On January 16, 1950, Gopal Singh Visharad filed the suit before the Civil Judge of Faizabad seeking injunction to offer puja inside the mosque. The then Civil Judge N.N. Chadha granted interim injunction though only for local Hindus. This order worsened the matter. Then five Muslims from Ayodhya, led by Mohammad Hashim filed a petition before Allahabad High Court against the injunction order. Since then several Muslims and Hindus have filed petitions and the matter was dangling in the legal battle.

But shortly after Vishva Hindu Parishad (VHP) launched nationwide campaign to put the pressure for clearing the way for construction of Ram Mandir, Faizabad district judge KM Pandey on the plea of U.C. Pandey, ordered on February 1, 1986 for unlocking of the gates of Babri Masjid and allowing the pilgrims and devotees to worship the idol inside the mosque. The order led to communal tension between Hindus and Muslims across the country. The Sunni Waqf Board and BMAC moved to Allahabad High Court against the district judge’s order.

In 1989, on the plea of then state government led by Mulayam Singh, all the cases related to the Babri Masjid were referred to the specially constituted Lucknow bench of Allahabad high Court.

Meanwhile, in 1990 when violent karsevaks tried to reach Babri Masjid campus for ‘shilaniyas’ of Ramjanambhoomi [laying of foundation stone], Mulayam Singh government was forced to give firing order to control the situation in which some karsevaks were killed. This gave an issue to BJP to polarize the votes in its favor. Subsequently, Kalyan Singh occupied the post of chief minister of the state in 1991. The first thing he did after coming to power was to order acquisition of 2.75 acres of land around the mosque.

In response to this illegal action of the state government, BMAC convener Zafaryab Jilani promptly filed a writ to prevent any kind of construction on the acquired land. Aslam Bhure, a resident of Ayodhya, also moved the Supreme Court against the acquisition order.

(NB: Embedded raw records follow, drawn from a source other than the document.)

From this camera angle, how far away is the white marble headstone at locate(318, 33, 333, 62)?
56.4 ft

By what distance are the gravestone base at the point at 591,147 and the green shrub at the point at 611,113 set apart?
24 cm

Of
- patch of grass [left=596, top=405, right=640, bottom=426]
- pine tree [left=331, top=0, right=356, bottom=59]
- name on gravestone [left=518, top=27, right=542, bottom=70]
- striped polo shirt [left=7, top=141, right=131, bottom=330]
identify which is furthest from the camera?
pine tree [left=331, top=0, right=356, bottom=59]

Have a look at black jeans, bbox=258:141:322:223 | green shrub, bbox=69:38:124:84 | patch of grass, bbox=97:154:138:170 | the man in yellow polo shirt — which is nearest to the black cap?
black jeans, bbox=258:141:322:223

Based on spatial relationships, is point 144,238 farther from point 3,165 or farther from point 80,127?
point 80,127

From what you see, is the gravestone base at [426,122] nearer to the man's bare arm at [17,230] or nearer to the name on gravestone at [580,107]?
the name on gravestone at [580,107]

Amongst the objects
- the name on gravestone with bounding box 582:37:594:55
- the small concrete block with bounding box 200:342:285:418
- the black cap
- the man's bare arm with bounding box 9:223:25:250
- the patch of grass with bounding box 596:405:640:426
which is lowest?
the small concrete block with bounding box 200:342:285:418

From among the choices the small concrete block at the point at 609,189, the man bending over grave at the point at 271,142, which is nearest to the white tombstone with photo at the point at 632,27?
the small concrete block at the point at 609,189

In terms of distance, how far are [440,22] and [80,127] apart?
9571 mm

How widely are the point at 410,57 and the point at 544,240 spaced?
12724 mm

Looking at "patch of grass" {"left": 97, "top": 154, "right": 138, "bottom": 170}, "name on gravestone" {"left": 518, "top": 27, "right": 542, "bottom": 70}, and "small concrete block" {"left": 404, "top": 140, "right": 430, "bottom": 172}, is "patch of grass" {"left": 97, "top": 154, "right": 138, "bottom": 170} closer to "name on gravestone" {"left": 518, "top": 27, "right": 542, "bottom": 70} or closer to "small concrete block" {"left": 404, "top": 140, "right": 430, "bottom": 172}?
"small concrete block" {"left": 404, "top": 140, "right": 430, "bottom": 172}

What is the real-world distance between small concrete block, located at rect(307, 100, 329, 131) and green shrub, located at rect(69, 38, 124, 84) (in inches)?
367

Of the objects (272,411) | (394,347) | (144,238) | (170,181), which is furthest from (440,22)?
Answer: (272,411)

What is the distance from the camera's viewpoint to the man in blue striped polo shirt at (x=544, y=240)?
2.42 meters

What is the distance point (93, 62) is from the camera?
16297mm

The apex court transferred the case to Allahabad High Court.

Demolition of Babri masjid

Before court came to any conclusion in the case, as per the preplanned conspiracy by Sangh Parivar the Babri Masjid was demolished on 6th December 1992 in broad daylight which was the black day in the history of democratic India. The demolition led to nationwide communal riots which left several hundred people dead, bringing more shame to the nation.

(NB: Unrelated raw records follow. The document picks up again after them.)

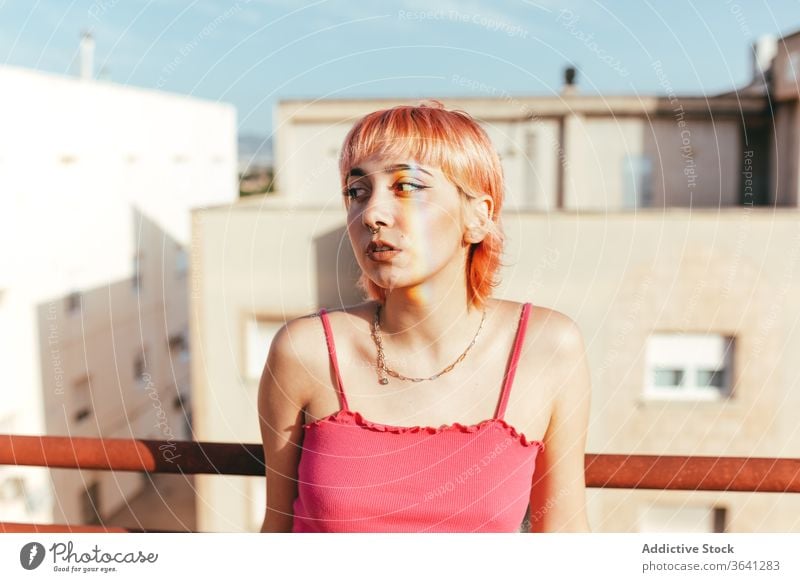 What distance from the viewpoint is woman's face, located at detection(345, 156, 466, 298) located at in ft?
2.80

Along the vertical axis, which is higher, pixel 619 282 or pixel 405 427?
pixel 619 282

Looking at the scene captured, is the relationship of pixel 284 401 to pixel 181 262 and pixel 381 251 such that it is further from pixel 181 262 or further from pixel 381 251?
pixel 181 262

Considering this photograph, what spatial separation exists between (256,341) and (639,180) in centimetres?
285

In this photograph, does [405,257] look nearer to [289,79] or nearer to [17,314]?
[289,79]

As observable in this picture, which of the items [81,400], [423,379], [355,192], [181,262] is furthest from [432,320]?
[181,262]

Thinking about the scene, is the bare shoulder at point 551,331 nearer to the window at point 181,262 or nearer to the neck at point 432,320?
the neck at point 432,320

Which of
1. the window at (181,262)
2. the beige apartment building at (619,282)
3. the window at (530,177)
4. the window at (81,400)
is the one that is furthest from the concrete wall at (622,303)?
the window at (181,262)

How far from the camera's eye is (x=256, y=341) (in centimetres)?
441

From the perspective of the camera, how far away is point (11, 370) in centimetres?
679

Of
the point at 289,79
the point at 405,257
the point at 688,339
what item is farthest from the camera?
the point at 688,339

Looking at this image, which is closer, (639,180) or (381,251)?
(381,251)

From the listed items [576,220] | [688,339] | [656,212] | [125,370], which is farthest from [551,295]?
[125,370]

This was done not only with the help of Kalyan Singh led state government but also then central government led by PV Narasimha Rao who turned blind eye to the incident. The incident brought defame to the nation from across the world. After that central government took as many as 67 acres land in and around Babri Masjid under its custody.

However, Supreme Court in 1994 dismissed all interim orders issued by various courts in Ayodhya and directed that the land would remain under the Centre’s custody and status quo must be maintained until the Lucknow bench of the high court gave the judgment in the case being heard by it.

Does VHP fear defeat in the case?

Who will win the case it remains to be seen but Sangh Privar is getting anxious. Therefore, while the whole country is waiting for the day on which the special bench will deliver its judgment, VHP announced a nationwide campaign from August 16 to December 17 to create atmosphere for the construction of the temple. The decision was taken at the meeting of VHP’s central management committee in Ayodhya on July 16.

After the meeting, Praveen Togadia, international secretary of VHP, has been quoted as saying that the campaign meant to hasten the movement for construction of Ram mandir regardless of the court verdict.

Is it an attempt to put pressure for favorable judgment? Zafaryab Jilani responded: “We respect court’s verdict and are waiting for that. If they have such plan let us wait and see if they will do that because it will prove that they are totally nervous and afraid of sure defeat in the case. It also means that court’s verdict does not have any place in their sights.”